Trees provide food sources such as nuts, fruit, and leaves. They can also provide cover for predators to hunt or capture their prey. Many animals also use trees to rest, and to build nests to incubate and raise their young. Animals can seek shade and shelter when they need it, and still have access to food sources.
Even after a tree has sustained damage or is dead (otherwise known as a snag), wildlife use them for nests, nurseries, caching of food, foraging, roosting, and more. Decaying logs on the forest floor help retain moisture and nutrients that support soil organisms such as earthworms and beetles. Logs also serve as ground cover, which helps to reduce soil erosion and help prevent overgrazing by herbivores.

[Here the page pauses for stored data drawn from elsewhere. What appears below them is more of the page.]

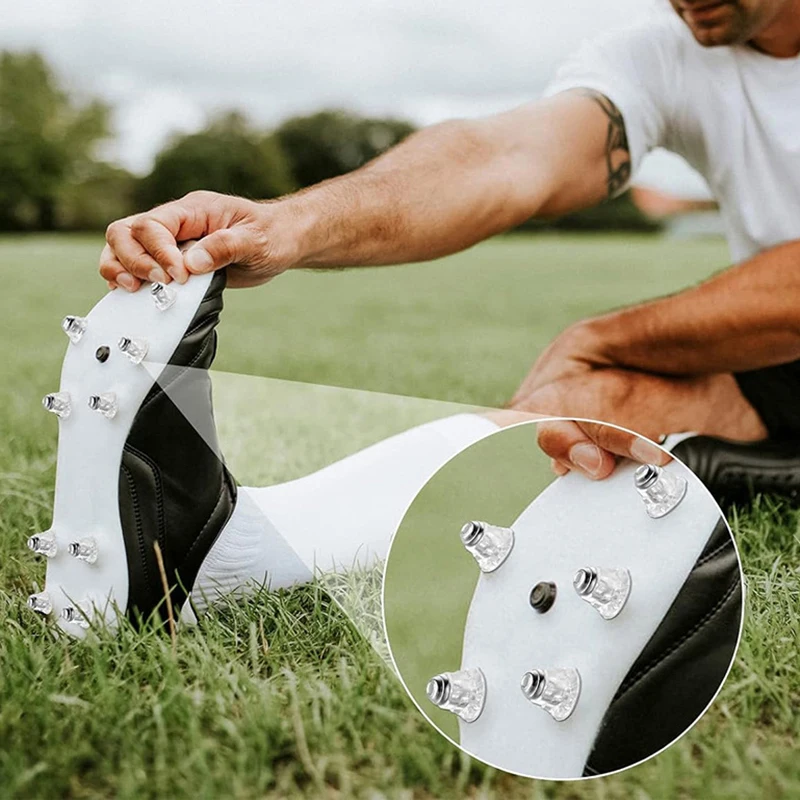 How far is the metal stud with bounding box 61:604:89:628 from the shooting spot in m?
1.11

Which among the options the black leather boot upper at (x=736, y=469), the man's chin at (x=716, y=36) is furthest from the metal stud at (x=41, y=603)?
the man's chin at (x=716, y=36)

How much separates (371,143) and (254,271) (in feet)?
70.4

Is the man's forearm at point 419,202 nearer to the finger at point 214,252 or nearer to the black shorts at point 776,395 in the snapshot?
the finger at point 214,252

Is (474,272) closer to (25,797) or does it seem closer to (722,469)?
(722,469)

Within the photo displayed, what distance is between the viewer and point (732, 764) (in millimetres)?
885

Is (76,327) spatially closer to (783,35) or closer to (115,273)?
(115,273)

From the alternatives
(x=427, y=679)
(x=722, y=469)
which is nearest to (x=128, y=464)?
(x=427, y=679)

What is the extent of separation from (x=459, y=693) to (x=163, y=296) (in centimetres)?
51

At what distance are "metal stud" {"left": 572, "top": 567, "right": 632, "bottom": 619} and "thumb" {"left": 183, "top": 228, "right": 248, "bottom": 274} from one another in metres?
0.52

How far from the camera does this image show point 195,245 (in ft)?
3.70

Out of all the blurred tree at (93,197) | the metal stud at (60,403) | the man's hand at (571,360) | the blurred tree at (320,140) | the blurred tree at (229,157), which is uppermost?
the metal stud at (60,403)

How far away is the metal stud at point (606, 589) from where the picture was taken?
934mm

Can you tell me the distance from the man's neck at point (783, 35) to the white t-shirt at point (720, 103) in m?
0.02

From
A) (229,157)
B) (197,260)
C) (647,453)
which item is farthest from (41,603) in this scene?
(229,157) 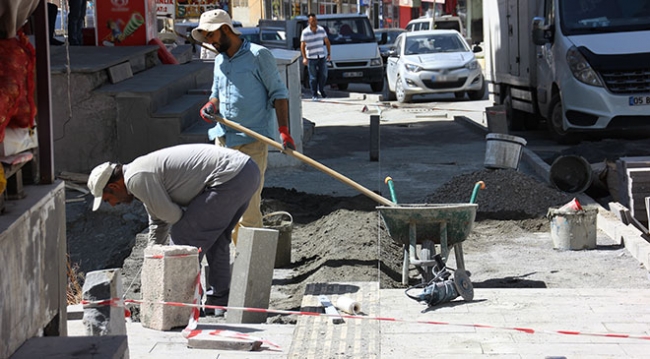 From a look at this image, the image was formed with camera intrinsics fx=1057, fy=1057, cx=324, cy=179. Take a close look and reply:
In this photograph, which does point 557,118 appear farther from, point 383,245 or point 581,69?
point 383,245

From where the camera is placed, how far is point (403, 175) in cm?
1355

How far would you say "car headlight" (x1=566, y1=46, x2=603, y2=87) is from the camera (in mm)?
14648

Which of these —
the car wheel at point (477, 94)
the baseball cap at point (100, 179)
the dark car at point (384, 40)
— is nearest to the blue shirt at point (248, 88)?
the baseball cap at point (100, 179)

From Mexico to the Philippines, many of our reforestation projects benefit threatened and endangered species who have been impacted by decreased habitat range, a changing climate, reduced food sources, and more. When you walk through a forest, remember that in addition to the many services they provide and we depend upon, forests are complex, layered ecosystems where a stunning breadth of species live and conduct the daily activities necessary for survival. Here are just a few of our projects that benefited threatened or endangered species:
1. Supporting Habitat Recovery for the Hawaiian Hoary Bat in Hawaii
The Hawaiian Hoary Bat, or ‘Ōpe‘ape‘a, is the only remaining native land mammal in Hawaiʻi and is currently listed as endangered. ‘Ōpe‘ape‘a in Hawaiian means “half-leaf”, a reference to the resemblance of its wing to a taro leaf. First landing on the island around 10,000 years ago, the hoary bat had to travel approximately 2,000 miles to reach its remote shores. These nocturnal creatures roost in trees, leaving around sunset to forage on moths and other insects. Threats to this endangered species include destruction of habitat, and collisions with wind turbines, barbed wire fences, and other structures.
Our multi-year Mauna Kea project in Hawaii involves planting trees to help support forest recovery and reduce the risk of wildfire and colonization by invasive species. As the trees grow, they will form recovery habitat for a range of endangered species, including birds, plants, invertebrates, and the Hawaiian Hoary Bat. Although a full recovery will be decades in the making, planting trees here is a vital part of the ongoing restoration work.
2. Restoring Vital Nesting Grounds for the Eastern Migratory Monarch in Mexico
Monarch butterflies are prolific pollinators and critical to the health of our planet. While feeding on the nectar that comprises their diet, they pollinate many types of wildflowers — providing an invaluable ecological service to forests and farmlands across their range. They also provide an important food source for birds, small animals and other insects.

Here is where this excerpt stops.